What drew me to documentary, initially, was the idea that I could make positive change through storytelling and the opportunity to see the world on someone else's dime. What I couldn't have known then—and wouldn't for many years—is that the practice of documentary storytelling turns out to be a contemplative practice of becoming a better human. Which is at least on par with free upgrades on Delta.
The Koan at the Heart of Documentary Filmmaking
I first encountered koans in an intro to world religions course in college. In Zen Buddhism, a koan is a paradoxical question or statement designed to exhaust the analytical mind and catalyze sudden insight. The koan of documentary filmmaking is something like: the moment you think you know someone’s story, you stop seeing it. Which can be a little brutal, because it means the better you get at this work, the more you have to forget in order to do it well.
After years in the field, I'd developed a real feel for the work—pattern recognition in people, instincts I trusted, and shortcuts in process that maximized efficiency.

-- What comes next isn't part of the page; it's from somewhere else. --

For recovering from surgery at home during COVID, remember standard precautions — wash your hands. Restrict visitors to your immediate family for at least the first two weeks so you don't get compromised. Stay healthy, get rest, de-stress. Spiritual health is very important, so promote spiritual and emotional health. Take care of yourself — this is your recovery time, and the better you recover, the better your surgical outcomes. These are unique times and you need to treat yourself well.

My ability to "be really good with people" served me until it didn't. I could quickly decipher who people were (or so I thought) and built narratives around it, later realizing I often missed what was actually there.
The resolution to the koan is, not surprisingly, also Buddhist. Zen practitioners call it shoshin—"the beginner's mind," and we all know the adage: "In the beginner's mind there are many possibilities; in the expert's mind there are few." As a doc filmmaker, you want those many possibilities. You want the threads that pull, the surprise, the sense that people can challenge your expectations. Because if you start fitting someone’s story into a shape you've already created before you hit record, it doesn't matter how compelling that shape is: It's yours, not theirs. People are not patterns.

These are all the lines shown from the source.